Con prezzi medi di base compresi tra 70 e 80 euro a tonnellata, difficili da spuntare con altre colture. Tutto questo mentre i prezzi dei prodotti finiti sono diminuiti, sia sul mercato interno, che a livello internazionale.
Con scorte di magazzino superiori a quelle fisiologiche che certo non depongono bene in vista della prossima campagna. Senza contare che proprio dal 2011 l’Italia affronterà la grande incognita del nuovo regime di aiuti comunitari totalmente disaccoppiati, che prevede il pagamento di premi agli agricoltori solo in base alle superfici «storiche » seminate.
«Il decoupling totale avrà effetti devastanti, perché la forbice dei prezzi si aprirà ancora di più», avverte Maurizio Gardini, presidente di Fedagri-Confcooperative e di Conserve Italia, leader europeo dell’ortofrutta trasformata con un fatturato di circa un miliardo di euro. «In un sistema dove il prezzo della materia prima incide su quello del prodotto finito tra il 25 e il 40% – spiega Gardini – è verosimile che aumenterà il divario tra i paesi più competitivi. E al di là della Cina, che secondo me ha esaurito la sua spinta più forte, l’anno prossimo dovremo più preoccuparci del prodotto in arrivo dalla Turchia, dal Marocco e dalla Francia che ha prolungato al 2011 il regime transitorio con aiuti parzialmente accoppiati. Comunque ci vorranno almeno due anni per arrivare a regime sul mercato».

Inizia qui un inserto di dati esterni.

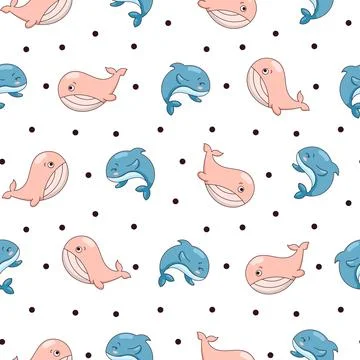 Cartoon aquatic animals. Seamless pattern. Stock Illustration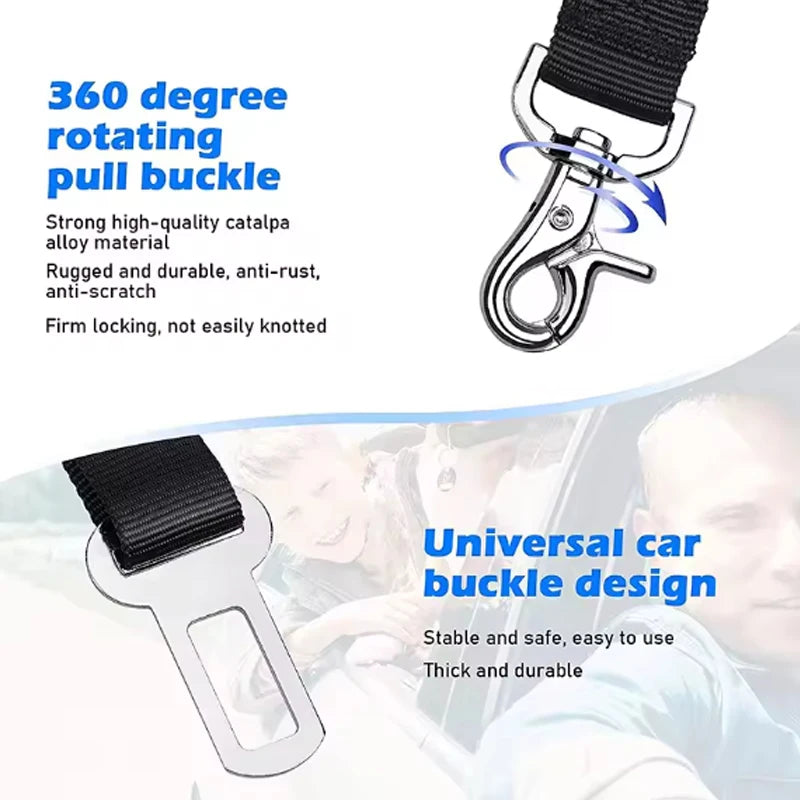 Dog Safety Seat Belt – Elastic Traction Leash for Car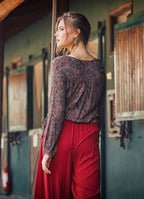 Red Patterned Paisley Boho Wrap Top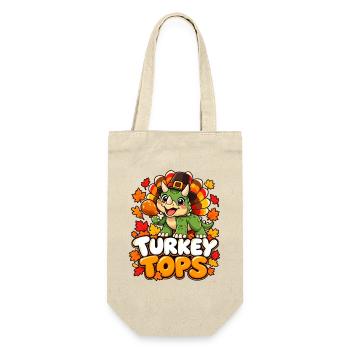 Herbst Dino Turkey Tops - Geschenkbeutel für Flaschen - Natur - Vorne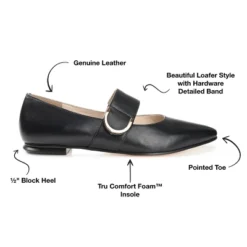 Journee Signature Womens Genuine Leather Emerence Loafer Pointed Toe Slip On Flats -Bearpaw Shoes Shop GUEST adbc48f3 f84e 4436 b953 db451de10d9a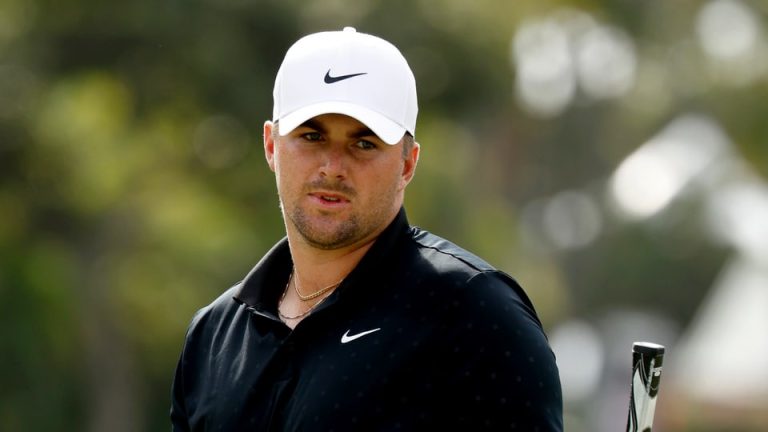 Chris Gotterup of the United States reacts to his putt on the tenth green during the final round of the Sony Open in Hawaii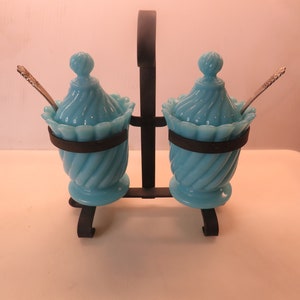 2 Blue French Portieux Jam Condiment Jars/Stand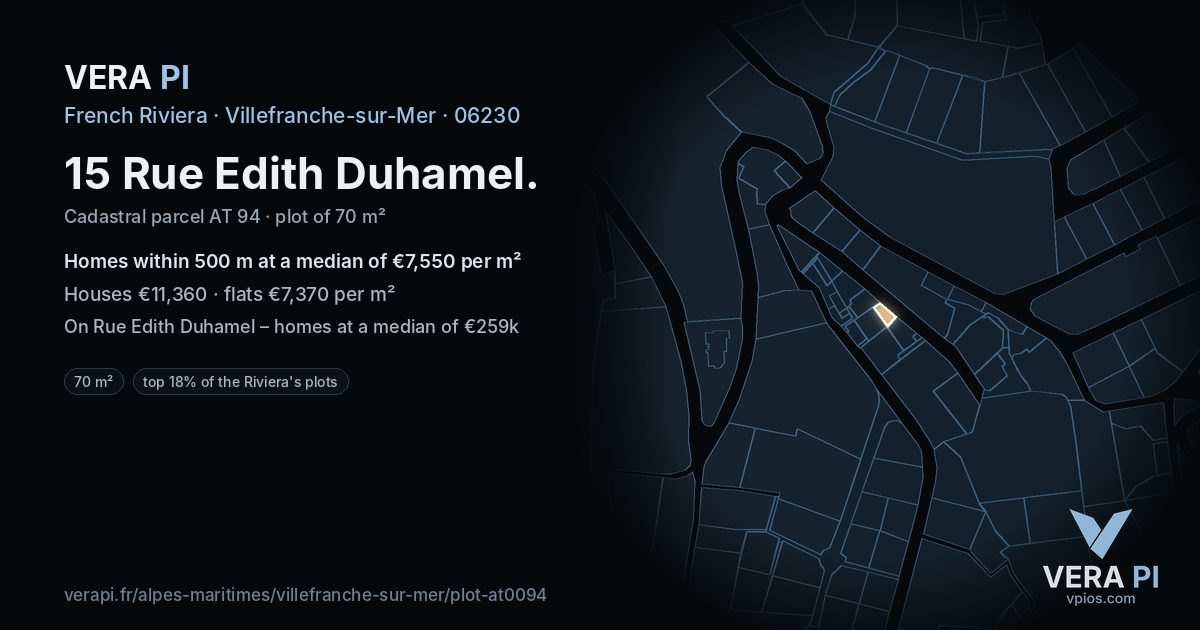 15 Rue Edith Duhamel, Villefranche-sur-Mer at night – the plot lit, the parcels around coloured by the prices near them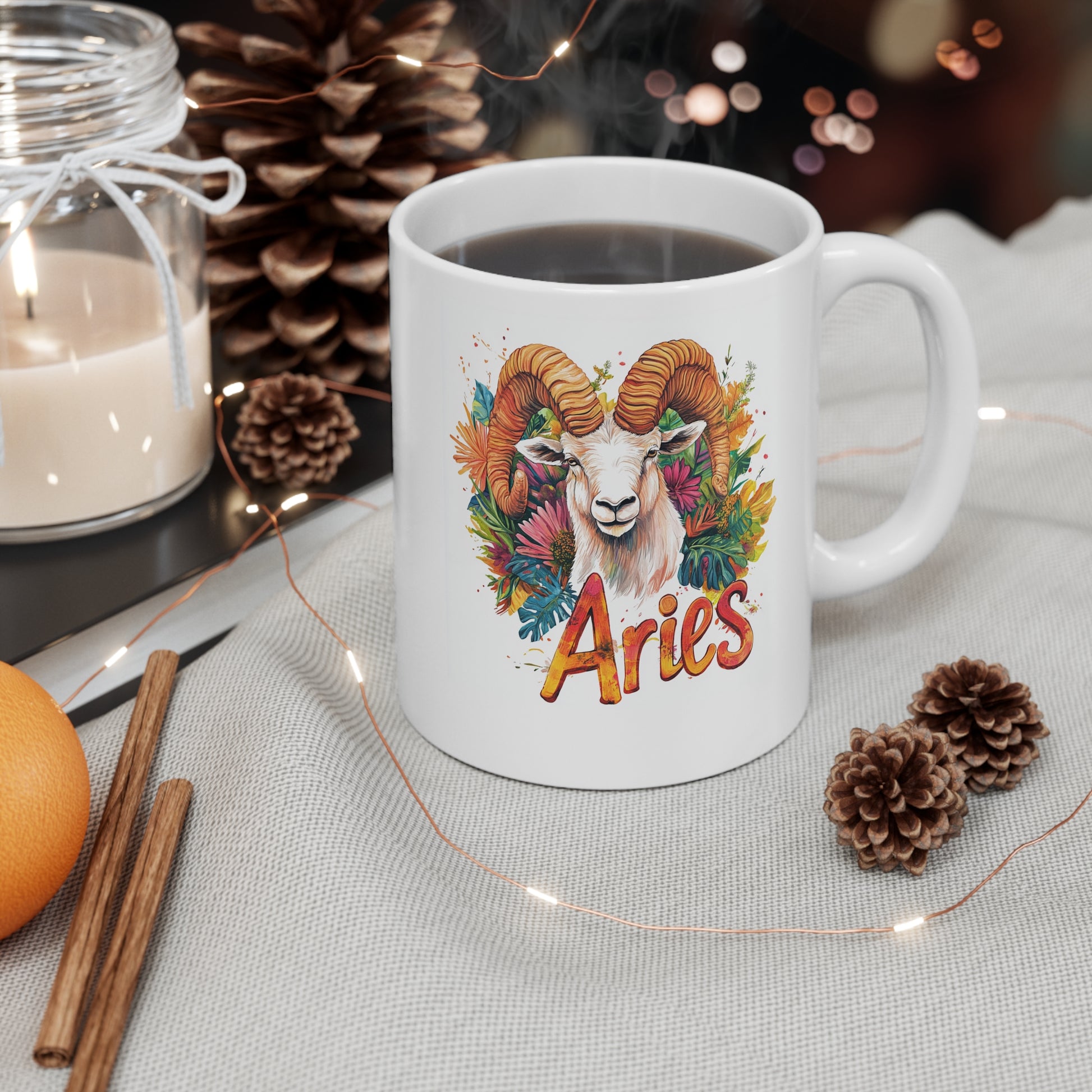 Printify aries zodiac mug white ceramic with colorful ram illustration and Aries text in cozy holiday setting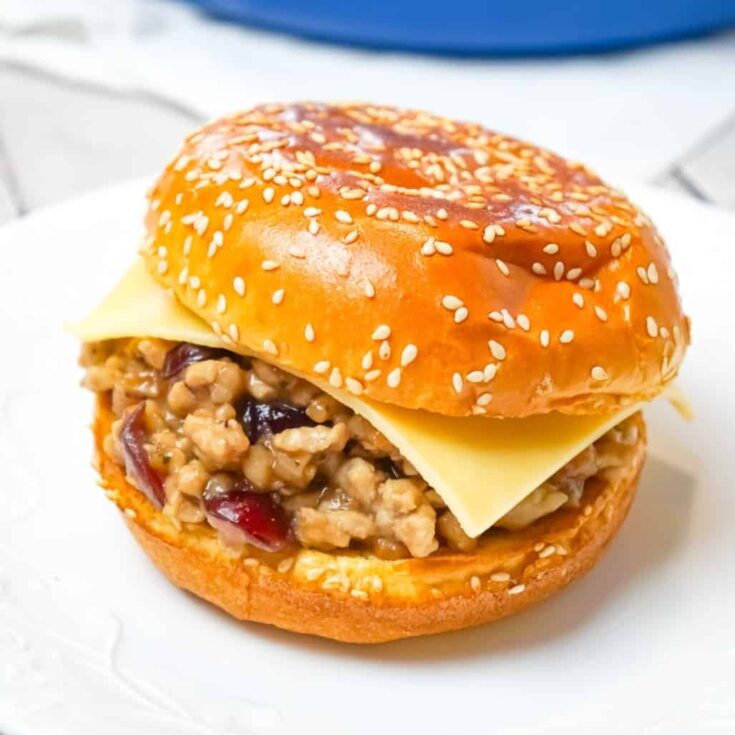 Turkey Dinner Sloppy Joes are an easy weeknight dinner recipe made with ground turkey and loaded with gravy, stove top stuffing mix, cranberry sauce and Havarti cheese all on served on Brioche buns.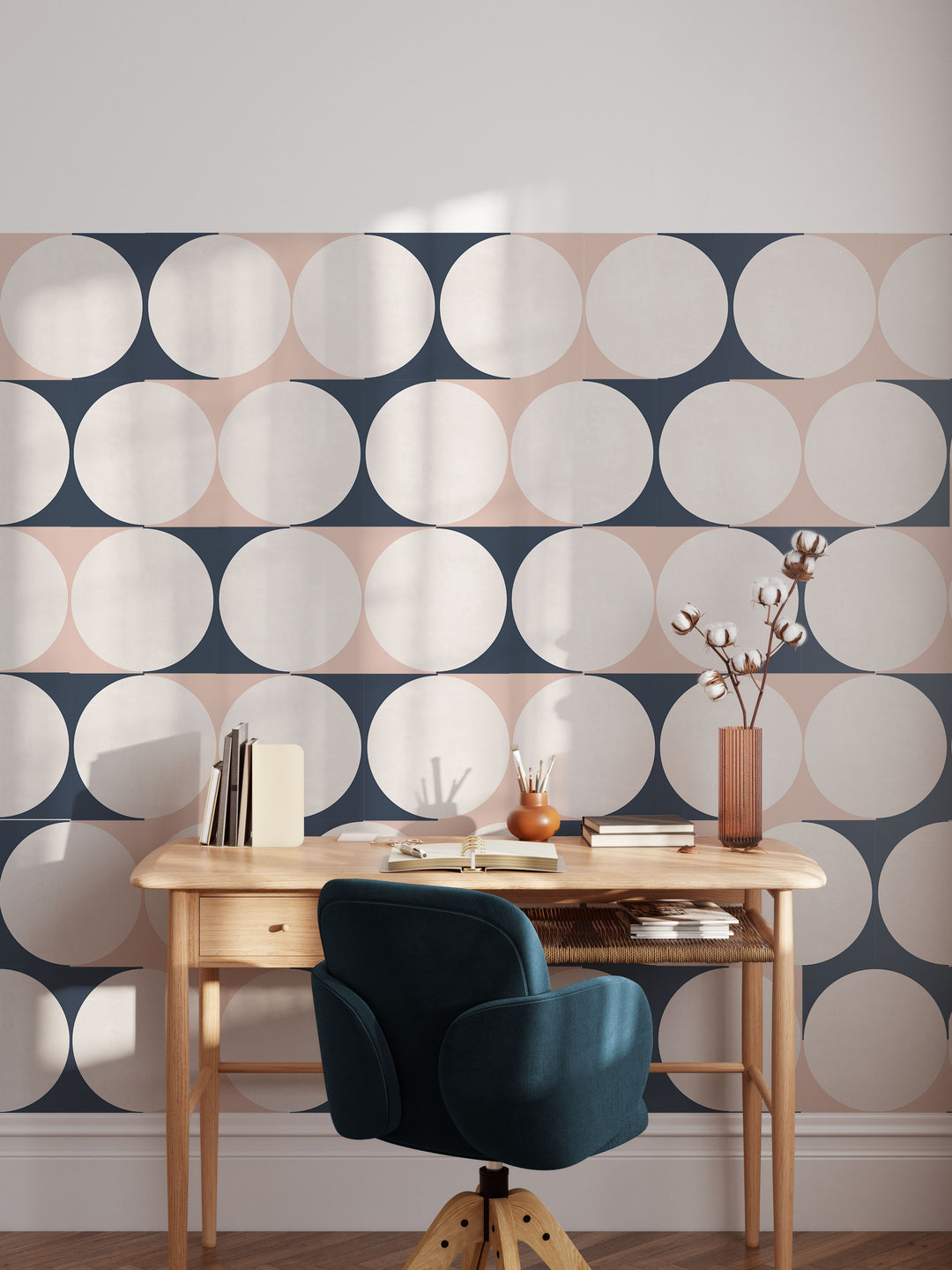 Navy and Pink Tile Decal Vinyl Stickers Pack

A questo punto, molto dipenderà anche dagli accordi su norme di qualità e prezzi di riferimento che agricoltori e industria riusciranno a raggiungere in vista della prossima campagna.
A metà dicembre le parti si sono incontrate tre-quattro volte in modo informale per avviare la trattativa. I rappresentanti delle organizzazioni di produttori, a fronte di costi di produzione di 6.200 euro a ettaro, punterebbero a chiedere un prezzo base di 90-95 euro a tonnellata.
Mentre le imprese di trasformazione partono da una base di costo di circa 5.500 euro per ettaro, che potrebbe tradursi in un’offerta di 80-85 euro a tonnellata. Ipotesi di prezzi base, appunto, ai quali gli agricoltori detentori di titoli Pac potranno poi aggiungere l’aiuto disaccoppiato. E questo comporterà che gli importi concordati prevedano una contestuale revisione delle modalità contrattuali. Con clausole chiare e trasparenti, soprattutto su standard di qualità e difetti della materia prima che garantiscono prezzi remunerativi per gli agricoltori e margini per le aziende di trasformazione tali da poter competere sul mercato.